■ **Directions for this task**
In the entries below, find the lines with the word "Silver" and copy them.
************
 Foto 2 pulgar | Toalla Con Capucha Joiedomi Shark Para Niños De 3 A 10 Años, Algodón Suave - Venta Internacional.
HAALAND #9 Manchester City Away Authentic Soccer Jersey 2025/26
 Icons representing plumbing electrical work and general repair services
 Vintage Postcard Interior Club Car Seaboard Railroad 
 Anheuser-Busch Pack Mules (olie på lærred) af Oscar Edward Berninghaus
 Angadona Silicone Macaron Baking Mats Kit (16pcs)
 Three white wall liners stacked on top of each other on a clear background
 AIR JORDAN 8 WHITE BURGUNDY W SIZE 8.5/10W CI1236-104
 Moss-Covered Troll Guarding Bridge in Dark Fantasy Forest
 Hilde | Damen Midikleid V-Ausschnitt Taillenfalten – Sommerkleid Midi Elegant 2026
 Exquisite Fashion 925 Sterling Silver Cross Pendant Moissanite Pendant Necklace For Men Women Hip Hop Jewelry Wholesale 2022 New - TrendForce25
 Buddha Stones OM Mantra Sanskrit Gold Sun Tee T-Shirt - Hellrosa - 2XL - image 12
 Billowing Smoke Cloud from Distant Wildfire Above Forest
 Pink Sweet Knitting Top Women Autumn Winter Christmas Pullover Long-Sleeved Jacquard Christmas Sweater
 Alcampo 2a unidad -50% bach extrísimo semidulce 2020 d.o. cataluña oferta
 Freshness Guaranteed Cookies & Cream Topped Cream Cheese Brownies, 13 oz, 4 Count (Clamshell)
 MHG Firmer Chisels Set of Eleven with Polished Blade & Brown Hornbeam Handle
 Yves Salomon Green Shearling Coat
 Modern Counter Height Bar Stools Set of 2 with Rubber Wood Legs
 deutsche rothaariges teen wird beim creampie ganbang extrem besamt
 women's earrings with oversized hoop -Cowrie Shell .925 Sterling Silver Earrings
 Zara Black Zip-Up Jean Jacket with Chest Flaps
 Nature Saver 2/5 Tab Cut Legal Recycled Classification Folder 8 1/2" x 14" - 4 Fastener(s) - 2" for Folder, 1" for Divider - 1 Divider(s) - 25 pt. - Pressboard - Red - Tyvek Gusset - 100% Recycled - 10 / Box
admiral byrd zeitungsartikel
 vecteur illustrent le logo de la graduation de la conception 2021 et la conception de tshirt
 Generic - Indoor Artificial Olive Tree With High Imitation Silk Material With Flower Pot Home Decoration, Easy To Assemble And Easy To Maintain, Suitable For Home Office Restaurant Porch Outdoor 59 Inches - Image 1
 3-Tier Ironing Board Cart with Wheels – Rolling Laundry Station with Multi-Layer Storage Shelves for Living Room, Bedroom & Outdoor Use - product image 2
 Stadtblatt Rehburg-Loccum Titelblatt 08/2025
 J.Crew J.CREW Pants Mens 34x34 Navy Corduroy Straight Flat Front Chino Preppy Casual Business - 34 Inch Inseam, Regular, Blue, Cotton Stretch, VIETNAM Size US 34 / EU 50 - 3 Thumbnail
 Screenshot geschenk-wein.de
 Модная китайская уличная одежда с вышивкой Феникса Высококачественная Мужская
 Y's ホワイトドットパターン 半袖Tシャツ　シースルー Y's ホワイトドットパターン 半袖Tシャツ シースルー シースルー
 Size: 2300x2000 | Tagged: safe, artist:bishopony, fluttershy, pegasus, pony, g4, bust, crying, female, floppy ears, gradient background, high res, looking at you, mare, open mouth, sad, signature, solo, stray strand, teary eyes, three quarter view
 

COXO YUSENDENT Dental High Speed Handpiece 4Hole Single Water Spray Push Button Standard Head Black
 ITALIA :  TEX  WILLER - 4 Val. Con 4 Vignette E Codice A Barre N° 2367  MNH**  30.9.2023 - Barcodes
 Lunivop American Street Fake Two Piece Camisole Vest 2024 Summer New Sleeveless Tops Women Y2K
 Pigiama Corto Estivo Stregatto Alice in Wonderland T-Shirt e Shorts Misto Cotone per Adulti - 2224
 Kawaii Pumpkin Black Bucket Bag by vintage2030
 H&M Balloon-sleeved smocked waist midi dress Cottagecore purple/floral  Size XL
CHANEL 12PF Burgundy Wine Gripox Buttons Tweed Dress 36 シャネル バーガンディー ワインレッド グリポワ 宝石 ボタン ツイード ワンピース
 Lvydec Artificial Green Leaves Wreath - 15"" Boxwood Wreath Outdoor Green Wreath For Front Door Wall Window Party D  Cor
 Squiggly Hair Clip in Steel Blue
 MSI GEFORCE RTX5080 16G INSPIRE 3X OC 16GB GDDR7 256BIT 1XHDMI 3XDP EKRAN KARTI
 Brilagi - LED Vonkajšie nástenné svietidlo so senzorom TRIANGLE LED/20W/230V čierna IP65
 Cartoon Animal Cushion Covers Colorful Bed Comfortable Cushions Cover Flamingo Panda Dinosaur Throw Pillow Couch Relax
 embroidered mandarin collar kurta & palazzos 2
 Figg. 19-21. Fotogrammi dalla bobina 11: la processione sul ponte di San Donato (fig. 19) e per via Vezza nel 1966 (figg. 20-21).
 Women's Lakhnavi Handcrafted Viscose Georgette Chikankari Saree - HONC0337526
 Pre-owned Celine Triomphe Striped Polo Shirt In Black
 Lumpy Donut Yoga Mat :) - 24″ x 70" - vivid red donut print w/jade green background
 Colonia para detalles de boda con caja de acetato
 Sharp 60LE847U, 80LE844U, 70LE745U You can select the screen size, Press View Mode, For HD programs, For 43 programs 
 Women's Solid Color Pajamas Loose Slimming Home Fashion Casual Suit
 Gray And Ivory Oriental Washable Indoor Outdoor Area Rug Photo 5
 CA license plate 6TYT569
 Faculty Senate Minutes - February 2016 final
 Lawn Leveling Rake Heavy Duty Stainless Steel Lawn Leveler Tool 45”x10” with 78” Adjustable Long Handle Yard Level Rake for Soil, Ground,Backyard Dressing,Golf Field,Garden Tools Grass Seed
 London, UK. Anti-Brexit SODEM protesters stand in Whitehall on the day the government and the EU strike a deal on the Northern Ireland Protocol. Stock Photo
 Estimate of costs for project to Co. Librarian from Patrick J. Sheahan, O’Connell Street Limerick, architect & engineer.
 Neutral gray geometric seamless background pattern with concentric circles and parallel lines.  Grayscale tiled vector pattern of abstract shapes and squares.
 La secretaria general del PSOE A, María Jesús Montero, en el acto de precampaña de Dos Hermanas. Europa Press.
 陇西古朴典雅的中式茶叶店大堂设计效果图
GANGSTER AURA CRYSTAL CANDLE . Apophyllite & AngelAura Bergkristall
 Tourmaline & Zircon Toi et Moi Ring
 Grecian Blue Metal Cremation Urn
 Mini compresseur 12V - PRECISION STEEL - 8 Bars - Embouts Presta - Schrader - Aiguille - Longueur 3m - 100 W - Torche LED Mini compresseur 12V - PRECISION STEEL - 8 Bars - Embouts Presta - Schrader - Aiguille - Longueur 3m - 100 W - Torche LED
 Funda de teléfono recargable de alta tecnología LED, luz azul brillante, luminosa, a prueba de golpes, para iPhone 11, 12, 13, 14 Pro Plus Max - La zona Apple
************
■ **Task result**
 Exquisite Fashion 925 Sterling Silver Cross Pendant Moissanite Pendant Necklace For Men Women Hip Hop Jewelry Wholesale 2022 New - TrendForce25
 women's earrings with oversized hoop -Cowrie Shell .925 Sterling Silver Earrings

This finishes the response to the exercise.